Dentro da visão legal, poderia ser mesmo inte ressante ter lotes codificados como polígonos. O interesse estaria em poder medir (estimar) afastamentos e outros parâmetros urbanísticos. Ocorre que, em Belo Horizonte, apenas 40% da cidade é, de fato, legalizada em plantas de loteamento; sendo o resto ocupação irregular (invasões) e loteamentos clandestinos. Essa realidade não difere muito da de outras grandes cidades brasileiras, sendo inclusive mais grave em algumas. Outro problema decorre da variação de qualidade entre as plantas de loteamento aprovadas: existem originais já muito desgastados pelo tempo, plantas que não trazem nenhum referencial geográfico, escalas e formatos variados, plantas que se baseiam em coordenadas locais e até mesmo projetos que não trazem indicação do Norte. Isso dificulta bastante a compatibilização entre lotes legais, cadastrais e tributários, algo que desejamos conseguir para estabelecer um novo nível de comunicação entre sistemas de informação convencionais dessas diferentes áreas da prefeitura.

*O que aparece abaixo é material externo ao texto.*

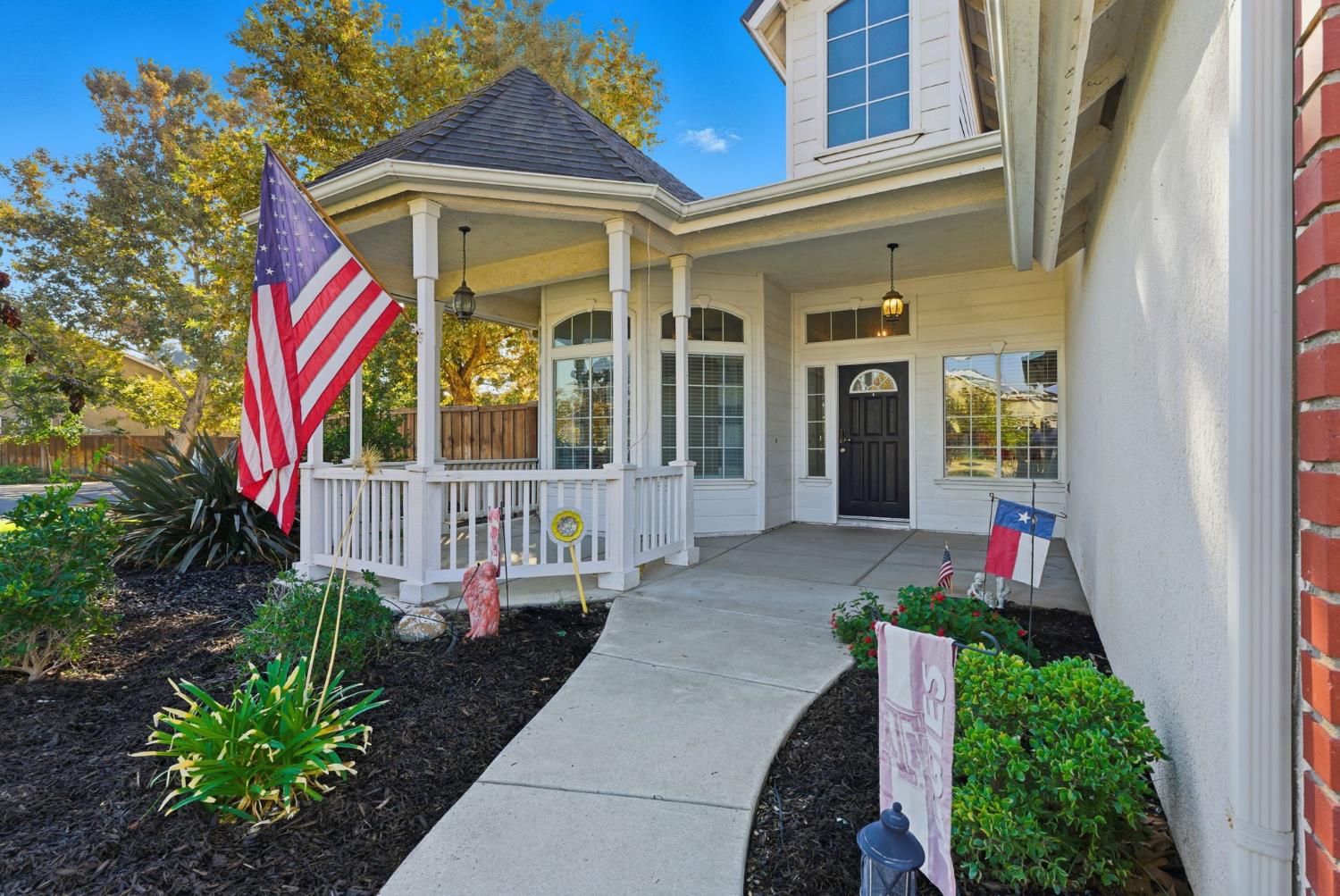 1109 W Cinnamon Ave, Hanford, CA 93230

Sistemas de Informações Geográficas (GIS) urbanos precisariam ser modelados com base em cada uma das visões de forma independente, buscando depois estabelecer uma correspondência entre o lote legal, o lote cadastral e o lote tributário

Para ajudar nessa compatibilização, a prefeitura desenvolveu um grande projeto de scanning das plantas de loteamento, recentemente concluído, que nos permite superpor à planta aprovada a situação real, registrada no GIS. Esse projeto, denominado plantas on-line, está promovendo agora um esforço de vetorização dessas plantas, para formar finalmente uma classe de objetos para os lotes legalizados. Acredito que a imagem das plantas já seria suficiente para orientar a comparação entre lotes legais e lotes cadastrais/tributários, mas o fechamento dos polígonos dos lotes legais facilitará a compatibilização, tanto do ponto de vista da visualização das discrepâncias quanto da adoção de medidas corretivas.

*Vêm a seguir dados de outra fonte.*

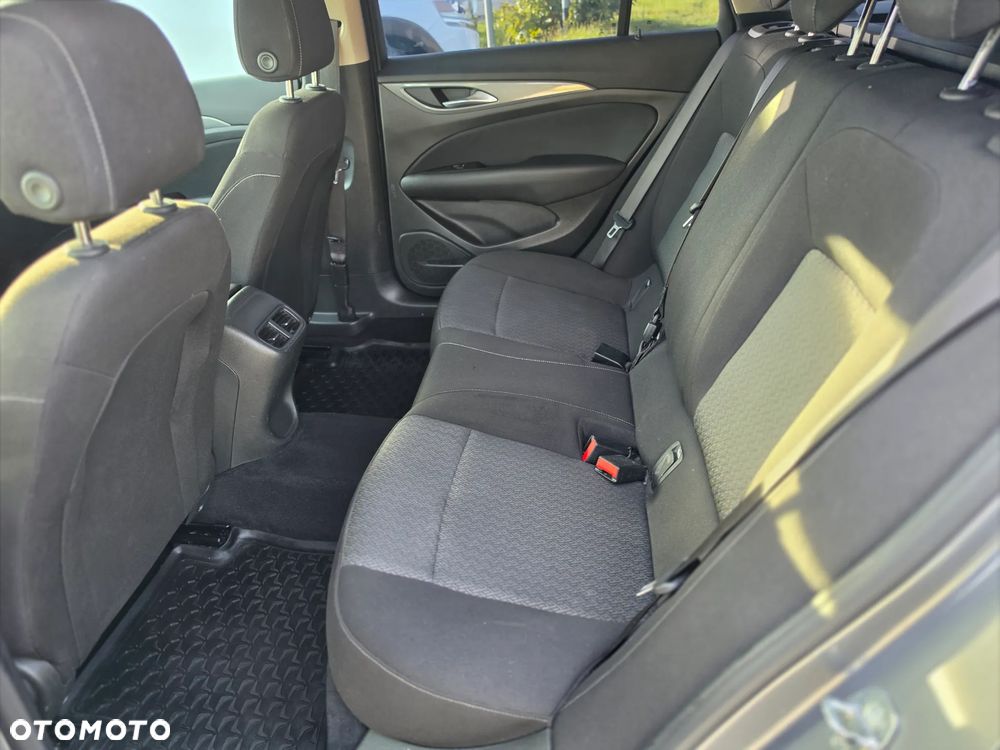 Opel Insignia 1.6 Automatik Business Innovation - 19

No caso geral, os projetistas de GIS devem resistir em copiar o modelo americano. Os fornecedores deste sistema, tendo aprendido com suas matrizes, propagam um modelo de representação de lotes sempre usando polígonos. Não acho que esse modelo se aplique bem ao Brasil em todos os casos, uma vez que o interesse dos americanos na delimitação de lotes parte do fato de que lá o poder público é o responsável pelo registro de imóveis. Aqui são os cartórios – e não me consta que os cartórios sejam consumidores ávidos de tecnologia GIS. Do ponto de vista dos cartórios, o que for lançado no banco de dados digital não vale, pois o meio digital não é "fidedigno" como a planta (documento em papel) aprovada carimbada, assinada), segundo referenciada no registro do imóvel. O registro em cartório é de fato o documento primário, juntamente com a planta aprovada pela prefeitura (veja a discussão na coluna GeoBytes da edição anterior da InfoGEO).
Já vi projetos que construíram a base geográfica pela vetorização de plantas de loteamento, mas o mais comum é ter bases aerofotogramétricas. Nessas últimas, o reconhecimento e delimitação de lotes cadastrais – que é o tipo que poderia ser identificado em uma imagem aérea – pode não ser nada simples. Fazer a delimitação desses lotes não resolveria os problemas legais nem os tributários totalmente, e ainda consumiria tempo e recursos que seriam mais bem aplicados em ações na área social e na construção do restante da infra-estrutura de informação urbana no GIS (incluindo eixos de via, malha de circulação, sistema público de transporte, equipamentos urbanos, infra-estrutura urbana, e vários outros).

Clodoveu Davis
Engenheiro civil
Doutor em Ciência da Computação, professor da PUC-MG e pesquisador da Prodabel – Empresa de Informática e Informação do Município de Belo Horizonte.